Chapitre 6
J'étais si nerveuse que mes mains n'arrêtaient pas de trembler. Elles jouaient avec le ruban qui tenait ma tresse, l'enroulait et le dénouait. Maudit présage. Même les prophètes me décrétaient vouée au mal absolu. Pour une fois, aucun de mes camarades ne m'avait raillé sur le sujet. Depuis une semaine, nous avions pris le pli de nous ignorer et tout le monde se promenait avec un visage sombre. L'arrivée de deux membres du Conseil n'aidait pas à instaurer un climat de bonne humeur.
— Morgat, vous m'écoutez ?
Non. Pas du tout. Le regard de reproche de la femme devant moi ne me fit ni chaud ni froid. Les expressions des deux Conseillers venus me questionner étaient remplies de haine et de mépris depuis l'instant où ils étaient entrés, et rien depuis le début de l'entretien ne semblait avoir changé leur piètre opinion de moi.
Pour eux, j'étais déjà coupable.
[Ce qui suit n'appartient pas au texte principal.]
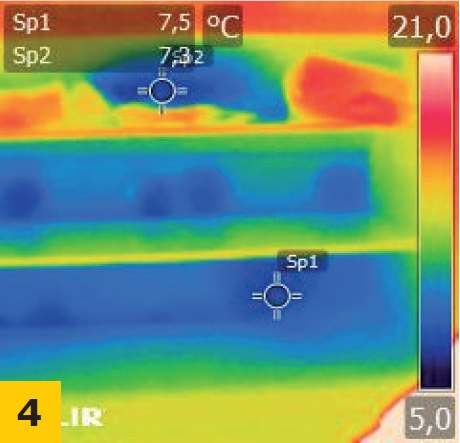 FOT. 4. Termogram przegrody wykonany od jej wewnętrznej strony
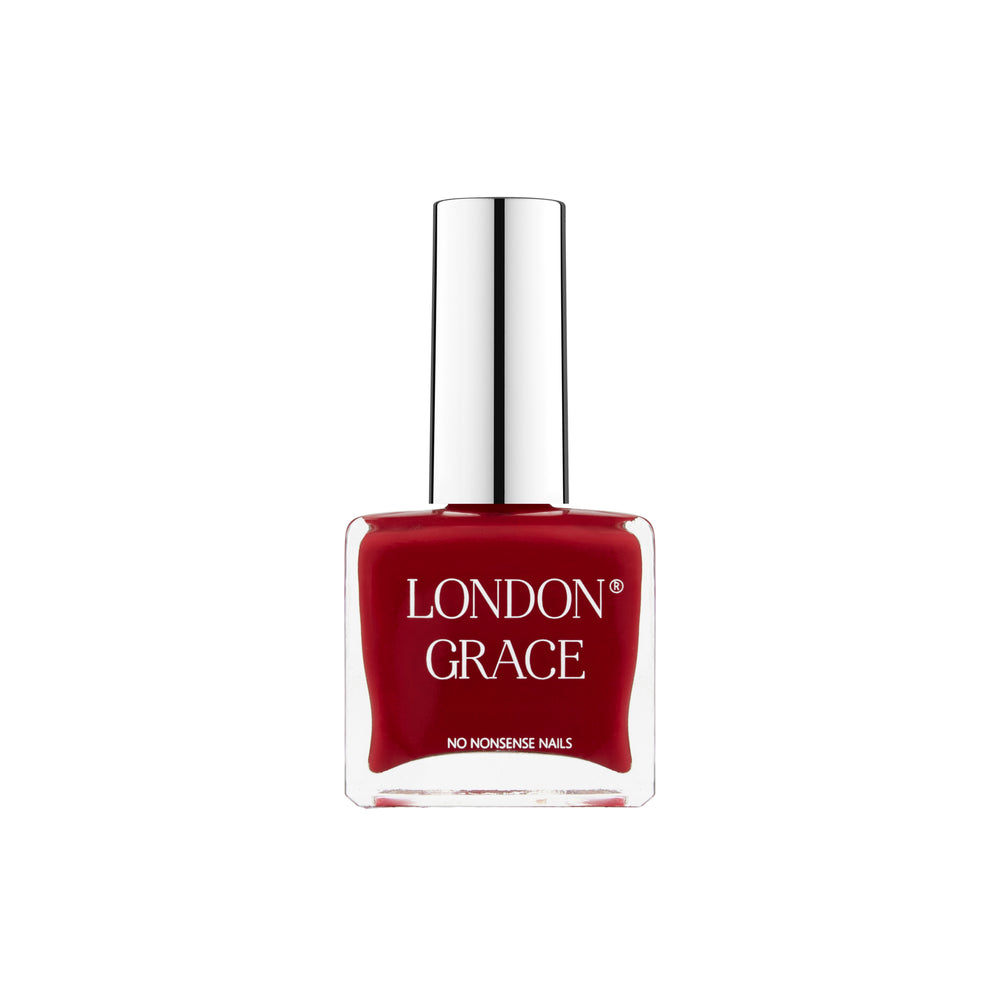 London Grace Charlie Nail Polish, a sophisticated red shade that offers rich pigment and long-lasting salon-quality finish, vegan and cruelty-free.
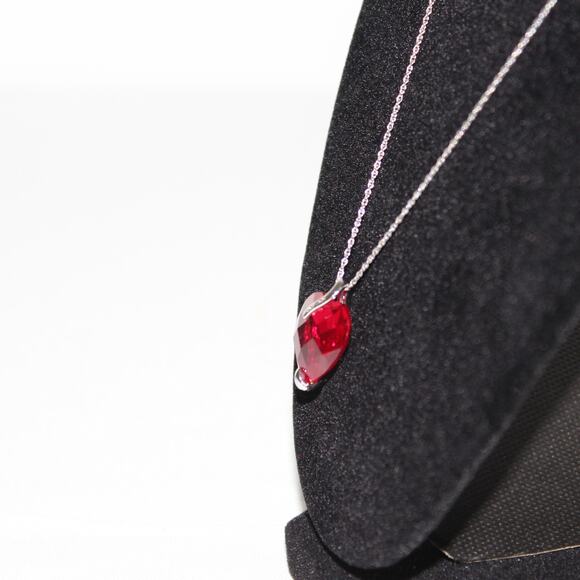 Ruby Heart 925 Sterling Silver Necklace - Picture 4 of 6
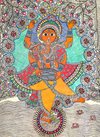 Shop Nritya Ganesha (Dancing Ganesha), Madhubani by Ambika devi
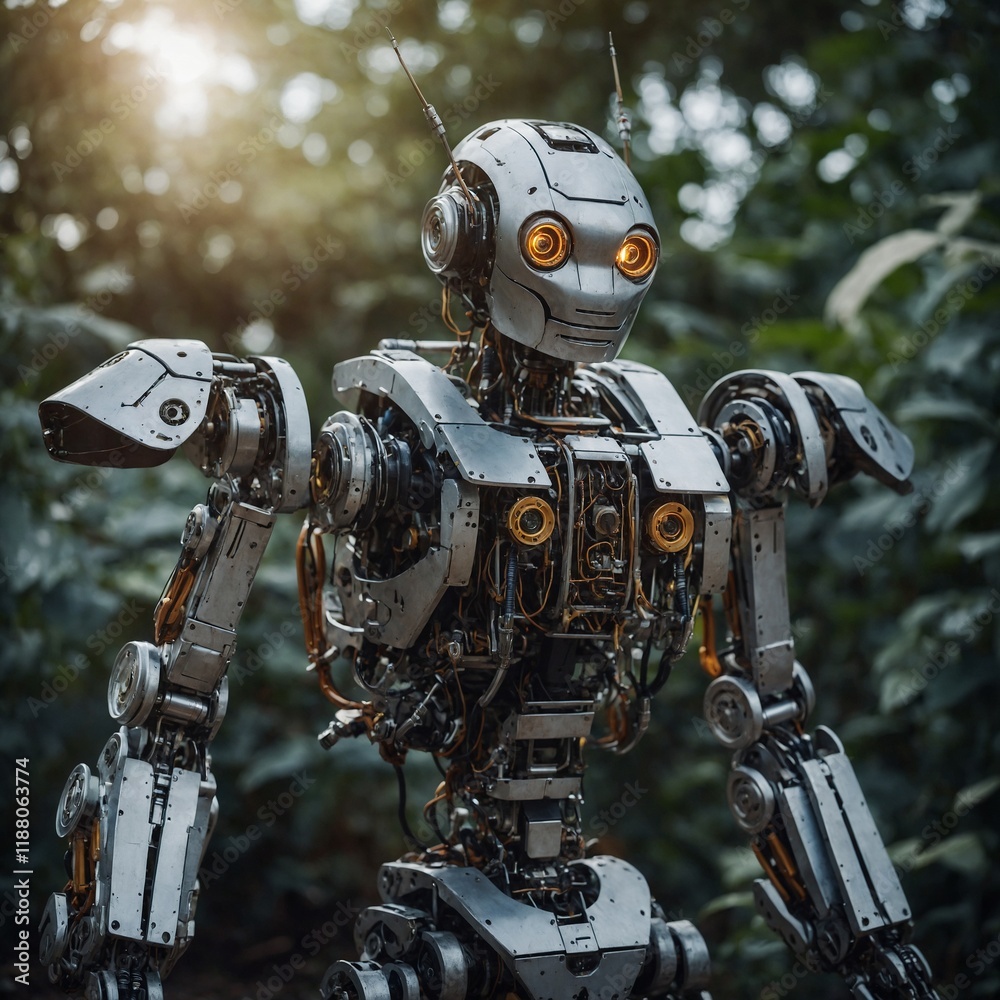 Fototapeta premium A robot with mechanical wings ready to take flight.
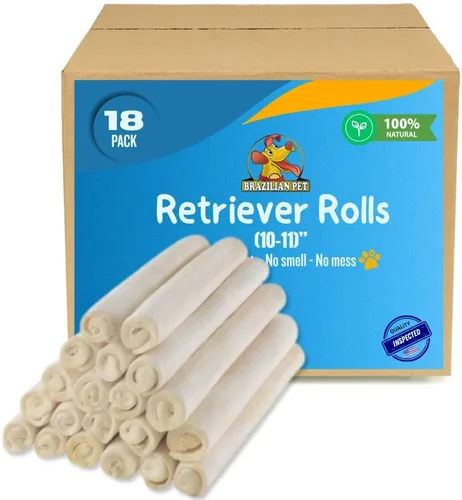 Brazilian Pet Rollos Retriever Premium de 10-11 pulgadas (paquete de 18) - 100% natural hoja individual de cuero crudo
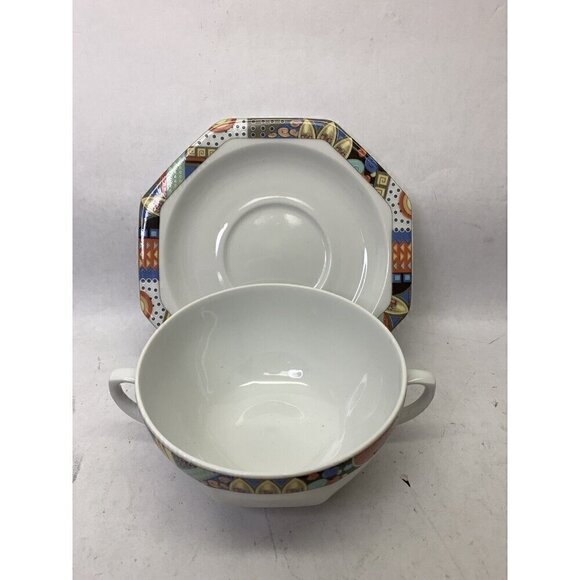 SELTMANN WEIDEN BAVARIA Indio 2 Handle Soup Cups Bowls with Saucers (Set of 4) - Picture 6 of 11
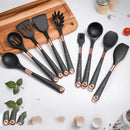 10-Piece Silicone Kitchen Utensil Set with Rose Organizer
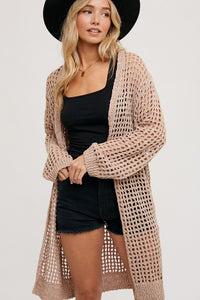 Open-Knit Longline Cardigan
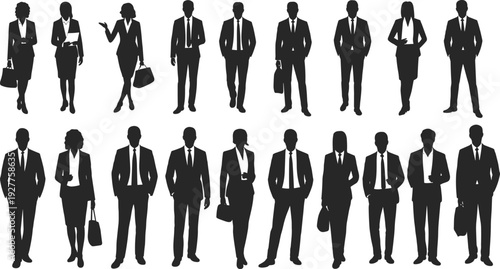 Assortment of Business Professionals Silhouettes in Two Rows on White Background Keywords: business, professionals, silhouettes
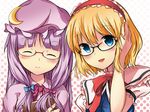  ^_^ adjusting_hair alice_margatroid bad_id bad_pixiv_id bespectacled blonde_hair blue_eyes blush book closed_eyes crescent glasses hairband hat highres multiple_girls open_mouth patchouli_knowledge purple_hair sarekoube touhou 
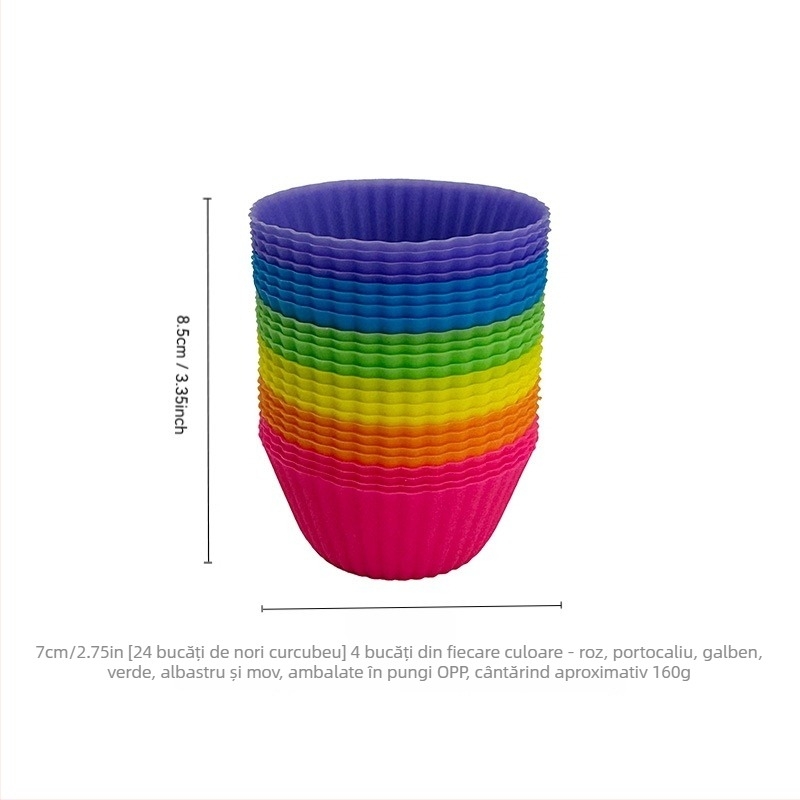 Cupe de brioșe din silicon, set 24 bucăți, formă neregulată, pentru coacere prăjituri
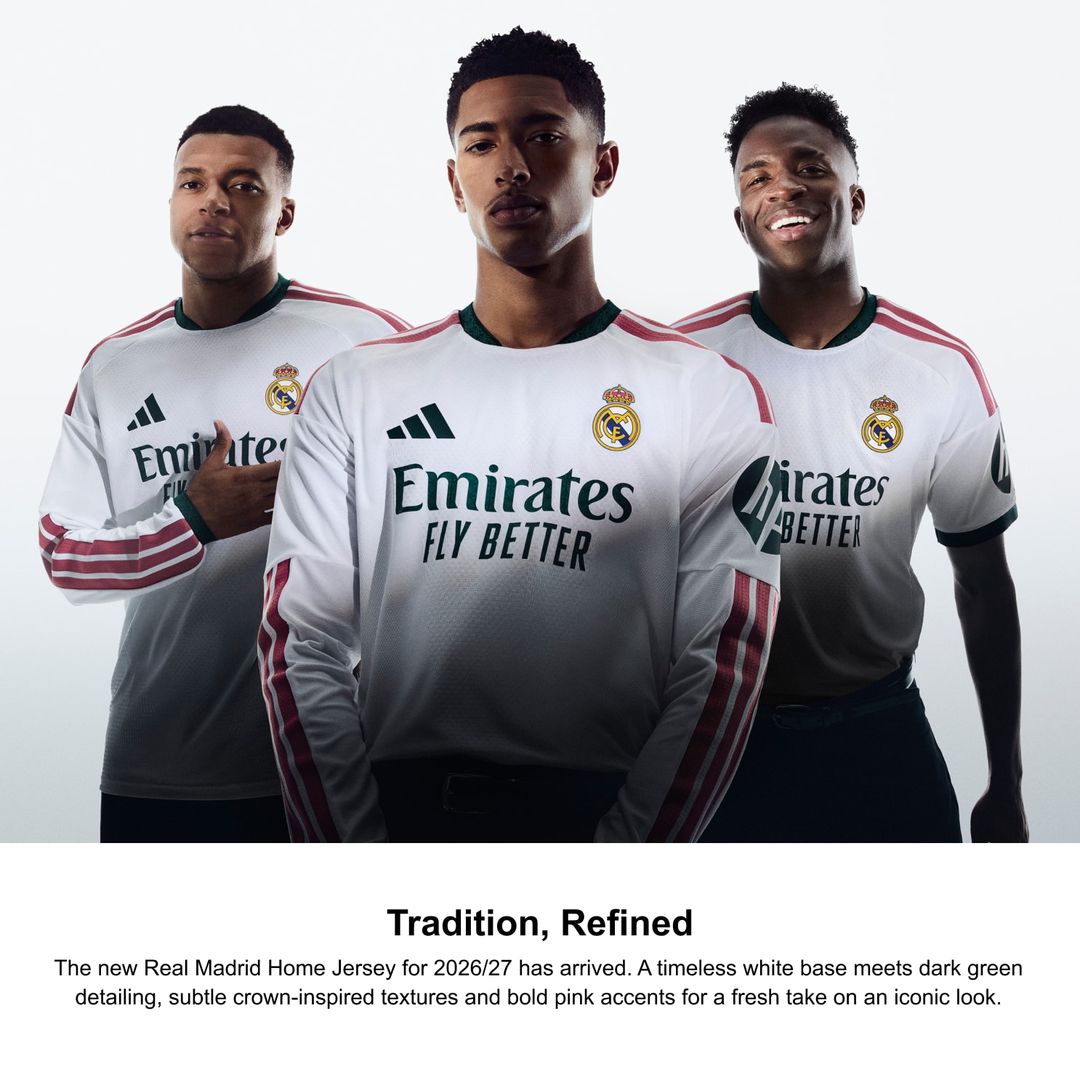 Real Madrid adidas 2026/27 Home On-Field Authentic Patch Long Sleeve Jersey - White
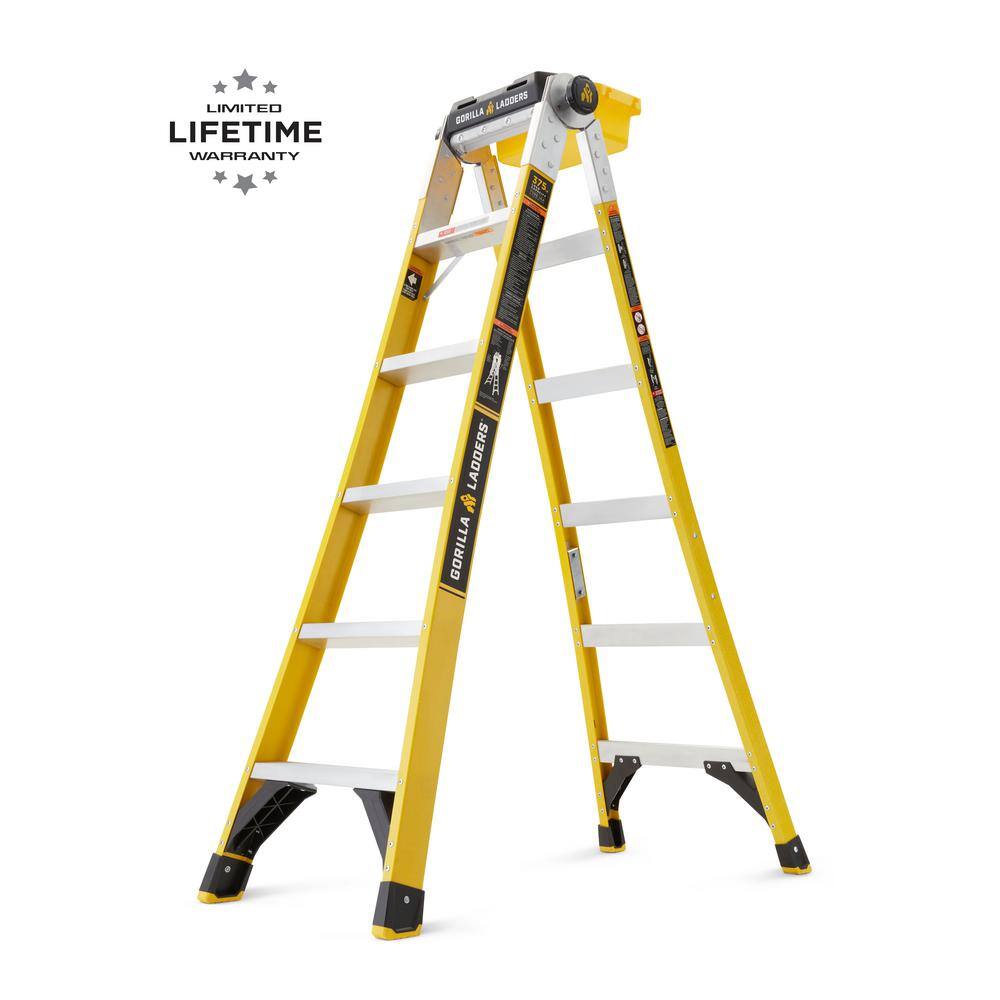 Gorilla Ladders FXT-15 15 Reach Twin Step Fiberglass Multi-Position Ladder. 375 lbs. Load Capacity Type IAA Duty Rating
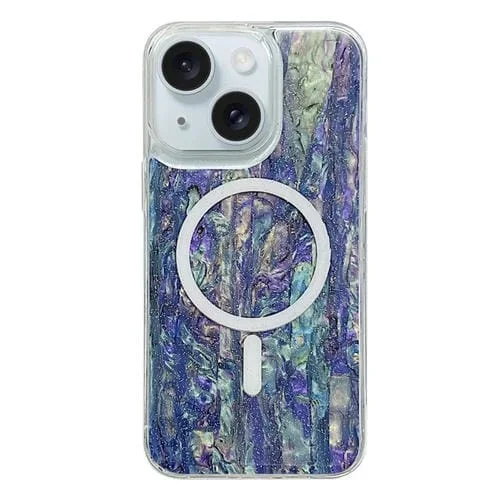 Funda para Teléfono iPhone 15 Plus Magsafe TPU Textura de Concha (Azul Pavo Real)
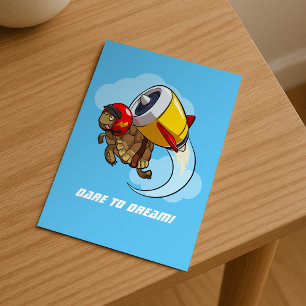 Daredevil Flying Tortoise with a Jet Pack Cartoon Postcard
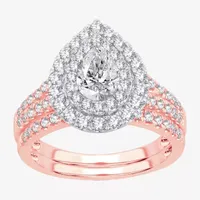 Signature By Modern Bride (H-I / Si1-Si2) Womens 1 1/2 CT. T.W. Lab Grown White Diamond 10K or 14K Gold Pear Halo Bridal Set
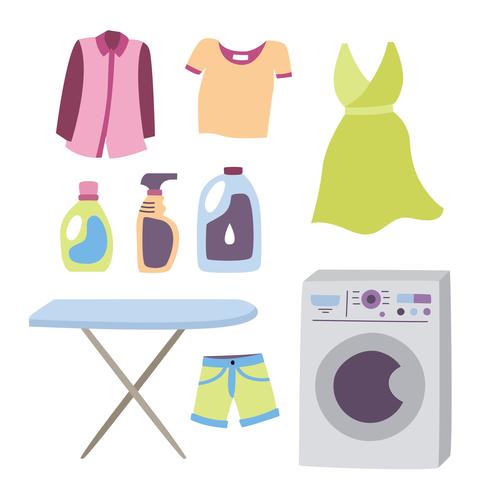 Washing Machine and Laundry Vector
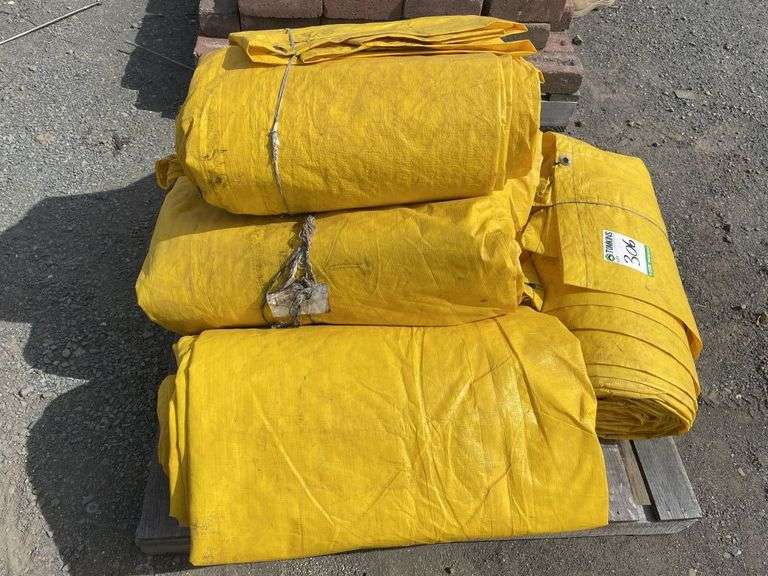 5x Approx 44ft x 12ft Cotton Tarps - Amended Description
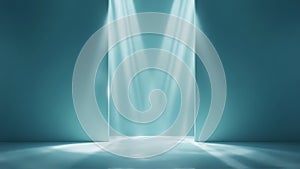 Neon stage with spotlights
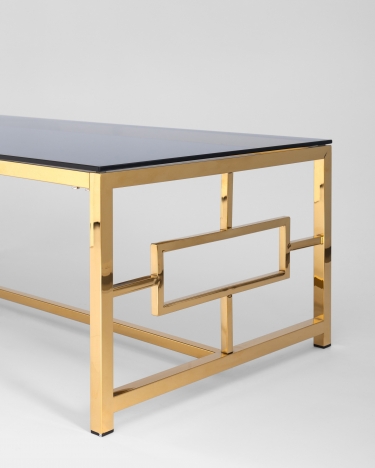 Журнальный стол Stool Group БРУКЛИН 120x60 Золото стекло smoke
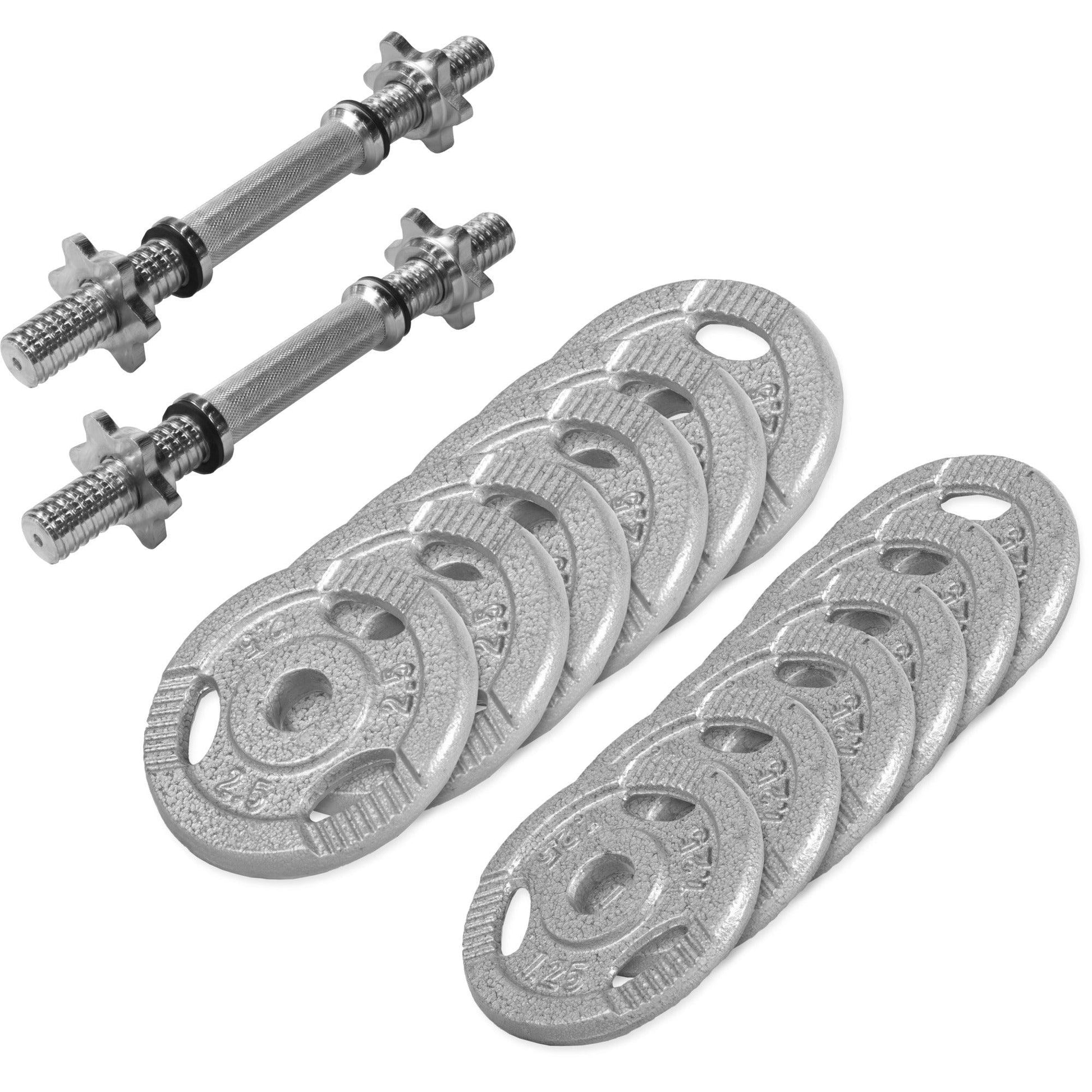 Set d’haltères courts en fonte avec stop disques en étoile 27,5 kg - Gorilla Sports France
Coupable d'exister, d'être la fille de deux Renégats.
— Éprouvez-vous de la sympathie pour la cause renégate ? Pour votre mère ?
Je me renfrognai.
— Vous voulez dire celle qui m'a lâchement abandonné et n'est plus jamais reparue devant moi ?
— Elle ne ment pas, décréta le deuxième Conseiller, un homme qui avait la faculté de repérer les mensonges.
— C'est déjà la troisième fois que vous lui posez la question !
Ils tressaillirent devant la voix de Mel.
— Nous devons être certains de ne courir aucun risque. La prophétie est claire : un enfant destiné au mal, l'héritier de deux traitres, mettra fin à la paix et nous entrerons dans une nouvelle ère de guerre.
— C'est sûr qu'une adolescente sous haute surveillance n'a rien de mieux à faire ! ironisai-je.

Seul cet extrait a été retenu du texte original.